なんなんだあのリーゼント。勝手に理解したのか納得したのか知らないけど、宙ぶらりんにされた私はどうしたら良いのか。彼の真意が分からない。これだから天才は。
もう一つの抹茶あずきパンには手をつける事が出来なかった。
教室に戻るとコンコンと当真が話していた。どうやら彼女に私の連敗原因を調べる手伝いをしてくれるよう話をつけているようだ。余計なお節介だっつーの。
結局コンコンの好意に甘えて放課後、鈴鳴支部にお邪魔することになった。
「あれ、今日他の人たちいないの?」
「隊長と太一は防衛任務があるからいないけど鋼くんは後から来ると思うよ」
「ふーん」
我が物顔でソファに倒れこんだ。その間にも彼女はPCを立ち上げ着々と準備している。真面目だ。
「ほらミトちゃん、こっちで一緒に見よ?」
「はーいママ」
「ママはやめて、せめてお姉ちゃんにして頂戴」
「おねーちゃーん」なんて言いながら隣に座る。コンコン曰く、これまでの個人戦を動画で振り返っていけば何か見つかるかもしれないとのこと。
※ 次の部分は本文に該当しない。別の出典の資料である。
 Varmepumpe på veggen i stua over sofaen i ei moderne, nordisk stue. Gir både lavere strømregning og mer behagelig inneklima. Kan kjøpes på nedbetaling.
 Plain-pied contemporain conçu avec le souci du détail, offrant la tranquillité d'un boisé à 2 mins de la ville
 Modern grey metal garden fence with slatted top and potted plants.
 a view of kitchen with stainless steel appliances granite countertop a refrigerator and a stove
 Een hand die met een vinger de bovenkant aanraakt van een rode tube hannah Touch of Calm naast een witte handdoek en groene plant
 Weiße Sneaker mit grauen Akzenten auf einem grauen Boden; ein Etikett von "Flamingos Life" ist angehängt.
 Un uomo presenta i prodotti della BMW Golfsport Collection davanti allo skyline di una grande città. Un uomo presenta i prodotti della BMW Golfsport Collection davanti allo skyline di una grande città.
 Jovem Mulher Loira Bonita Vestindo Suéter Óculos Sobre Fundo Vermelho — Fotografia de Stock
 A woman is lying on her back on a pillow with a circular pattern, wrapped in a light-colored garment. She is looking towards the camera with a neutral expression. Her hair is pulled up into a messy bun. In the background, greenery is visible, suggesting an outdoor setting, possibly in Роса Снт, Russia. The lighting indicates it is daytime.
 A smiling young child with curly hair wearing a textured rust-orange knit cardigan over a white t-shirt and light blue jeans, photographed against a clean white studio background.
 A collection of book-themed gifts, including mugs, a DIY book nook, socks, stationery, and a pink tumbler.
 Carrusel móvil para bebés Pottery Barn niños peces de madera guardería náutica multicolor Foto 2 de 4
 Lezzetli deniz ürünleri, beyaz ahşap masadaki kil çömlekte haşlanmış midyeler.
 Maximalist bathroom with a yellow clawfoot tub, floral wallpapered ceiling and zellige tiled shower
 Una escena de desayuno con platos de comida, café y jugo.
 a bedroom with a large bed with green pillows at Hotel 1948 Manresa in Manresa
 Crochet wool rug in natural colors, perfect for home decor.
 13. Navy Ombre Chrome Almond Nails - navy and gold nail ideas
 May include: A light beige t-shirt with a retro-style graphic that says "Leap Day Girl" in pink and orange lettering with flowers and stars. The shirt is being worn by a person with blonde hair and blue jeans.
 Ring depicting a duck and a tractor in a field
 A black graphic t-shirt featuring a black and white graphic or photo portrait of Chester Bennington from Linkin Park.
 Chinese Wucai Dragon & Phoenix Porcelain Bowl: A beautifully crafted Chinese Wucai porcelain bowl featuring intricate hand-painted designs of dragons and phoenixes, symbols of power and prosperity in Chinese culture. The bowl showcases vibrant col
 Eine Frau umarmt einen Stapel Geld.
早速、昨日の影浦との10本勝負から振り返り始めた。これ全部見直すのかと思うと罪悪感で心が苦しい。コンコン付き合わせてごめんね。
ああでもないこうでもないと2人で意見交換をしながらPCの前を陣取っていると村上がやって来た。
「あ、鋼くん」
「何やってんだ?」
「私の連敗原因を突き止めようの会」
村上はPCではなく、顔色を伺うように私を見る。申し訳なさそうに下がった眉はなんとも情けない。せっかくのイケメンが台無しだ。
そんな村上と私を交互に見たコンコンは瞬きを一つ。
「もしかして鋼くん、何か知ってるの?」
「…いや、オレから言うべきじゃないと思う」
「はあ?どういうことそれ」
さっぱり分からないのは私だけらしく、コンコンは何か閃いたのかPCを操作し始めた。
画面に映ったのは一週間前にやった10本勝負の個人戦。
「多分、鋼くんが言いたいのはこれじゃないかな」
コンコンは綺麗に切り揃えられた髪を耳にかけた。村上と目が合うと小さく頷いている。しかし、私は未だに分からなかった。
「これ久しぶりに荒船とやった時のだけど…なんでこれ?」
2人から返ってきたのはため息のみ。自ら気づけということなのか。
分かったのは荒船に負けてから私の連敗は始まっているという事だけ。
とりあえず付き合ってくれたコンコンにはお礼として抹茶あずきパンをあげた。